Among the most popular and famous of sights in London are the Churchill War Rooms. We visited recently to experience it again, along with the Churchill Museum.
Commissioned in the nick of time in August 1939 the War Rooms were the venue for 115 meetings of the War Cabinet during the ‘Blitz’ of London in 1939/40. Then used again during the V-1/V-2 ‘flying bomb’ attacks in 1945. When built, the War Rooms were a worldwide ‘first of type’ and became the ‘template’ for post war underground shelters.
The Churchill War Rooms (formerly the Cabinet War Rooms) are located at Horse Guards Road and King Charles Street in a fortified construction six metres underground. It owes its location to the belief that the government must stay in the capital with it’s people – and not evacuate to a safer, but remote, location.
After some years in planning and construction the War Rooms were officially opened up on 27 August 1939 – not a moment too soon as the UK entered war with Germany on 3 September 1939. From the outside you can see the exterior apron wall at ground-floor level. This is the edge of a giant concrete slab protecting the rooms below.
Churchill became the Prime Minister on 10 May 1940. Following the ‘Battle of Britain’ during the summer, when Germany failed to gain air superiority over England, Hitler commenced the Blitz of London on 7 September 1940. For the next nine months, the War Cabinet met underground until the bombing threat was over by mid-May 1941.

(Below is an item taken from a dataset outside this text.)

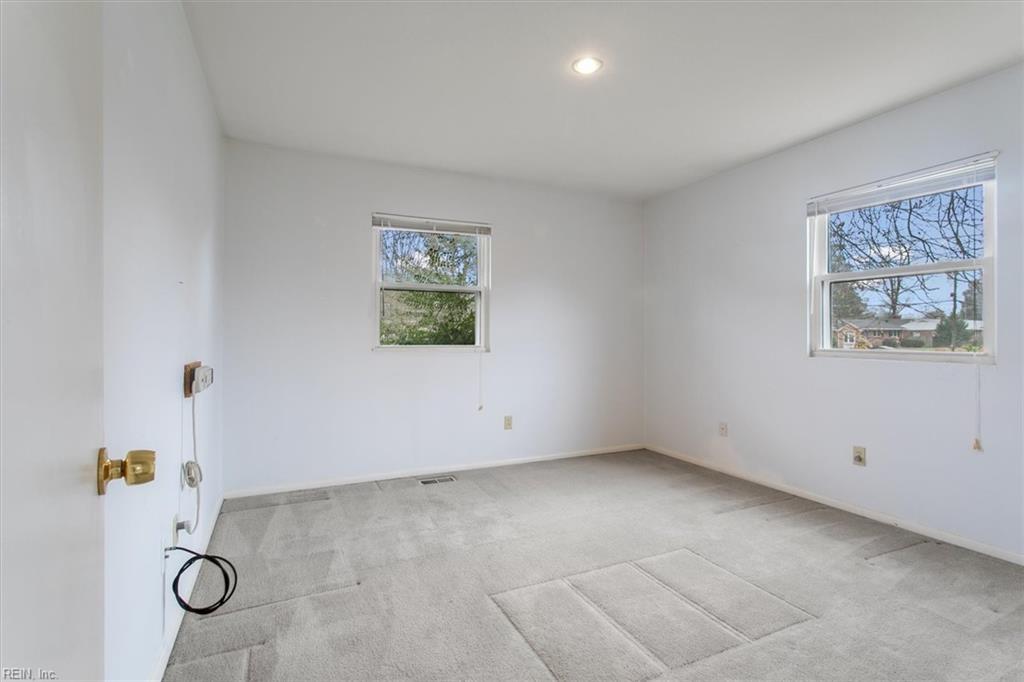 411 Eastwood DR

Here are three rooms of special note on the tour:
The Cabinet Room – the centre of command. It is laid out just as it was; furniture, fixtures and maps. It’s easy to imagine the room being used in action and even Churchill’s chair is the original – with his fingernail scratch marks on the chair arms!
Direct line – a (very) small room that connected Churchill with Roosevelt. The transatlantic telephone was first used in April 1944. The first ‘hot-line designed by Bell Telephone Laboratories using the latest voice scrambling technology.
Churchill’s bedroom – Churchill made more use of this room as his private office – but did occasionally sleep here. He also was known for taking afternoon naps, enabling him to work into the late hours.
The Churchill Museum is also underground and co-located with the War Rooms. It’s a more recent addition that sets out the life and times of the great man – showing key artefacts and descriptions of the period through documents, films and animations.